BOSTON — Health care workers on the front lines of the coronavirus response have been working harder than anyone else during the pandemic.
As more cases surge and people continue to die from the virus, many doctors and nurses who are overloaded with patients to care for say now they have to start preparing to make some difficult decisions as the situation escalates.
Alister Martin, an emergency room doctor at Massachusetts General Hospital, tweeted in frustration last week after he opened up about having to put 12 patients on ventilators in just one shift.
“These are such higher volumes than we have ever seen - our baseline is usually 2-3 patients a day and now we are seeing a tremendous increase in patients being put on ventilators, its really really unprecedented, a huge surge,” he tweeted.
Putting a patient on a ventilator is hard work and it requires more than just the manpower to do it - patients must be heavily medicated during the process and there is a concern over a shortage of the drugs needed.
“To get someone on ventilator we need to do couple things - one is sedating them, two is paralyzing them,” said Martin. “The medications we use to do that are in short supply, just in the last few months we have seen a 50 percent increase nationwide in the orders or request for sedatives and paralytics. So, we are getting more creative as providers. Luckily, we were trained for this, it’s not just about plan A and B anymore, we need to be thinking plan D, E, and F if we get to the point in time when we don’t have these medications."
Martin also weighed in on the effects ethnicity and economic disparity has on the number of people contracting the virus.
“Just here at my hospital, at Mass. General, nearly 50 percent of patients who have COVID-19 are Hispanic,” said Martin. “There are a lot of different reasons [for that], first of all its harder to get tested when you live in a poor community. Our initial testing requirements were so strict we couldn’t really decide who had COVID-19 and who didn’t, so were missing a lot of cases. Number 2, when you live in poverty its hard to tell people to do the things we are telling them to do like self-isolate or quarantine.
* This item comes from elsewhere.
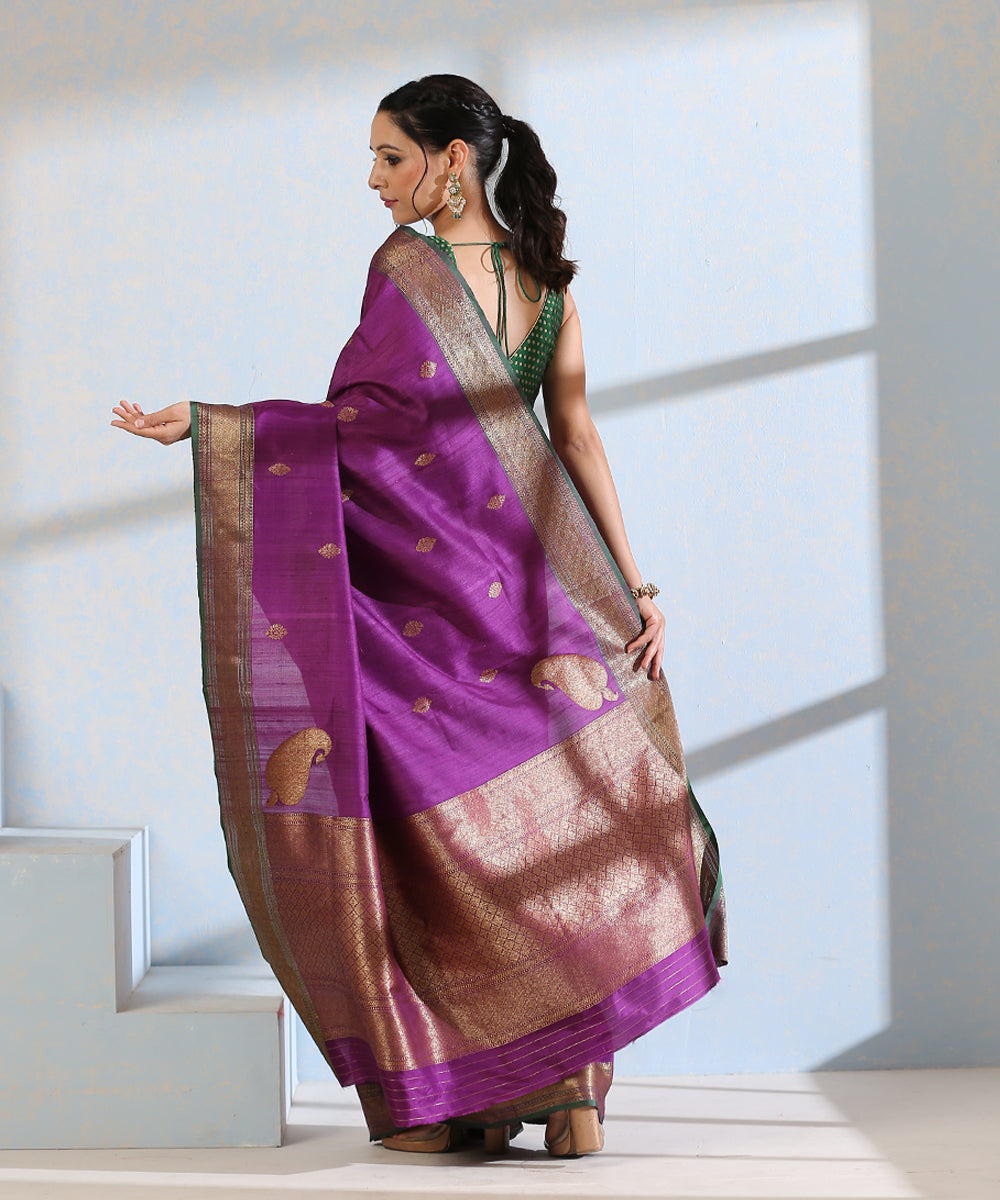 Purple_Handloom_Dupion_Silk_Banarasi_Saree_With_Green_Border_And_Antique_Zari_WeaverStory_03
Just last week I had a patient who is a young mom of three kids who lives with her elderly mom in a one bedroom in Dorchester. She said, ‘Doctor, how am I supposed to self isolate?’”
The state Department of Health recently came out with guidelines for deciding who gets a ventilator. Essentially, it asks doctors to give patients a score that includes their past medical history to weigh whether they will have a higher chance of surviving the virus and thus should be given a ventilator. Martin has since voiced his opposition to the idea.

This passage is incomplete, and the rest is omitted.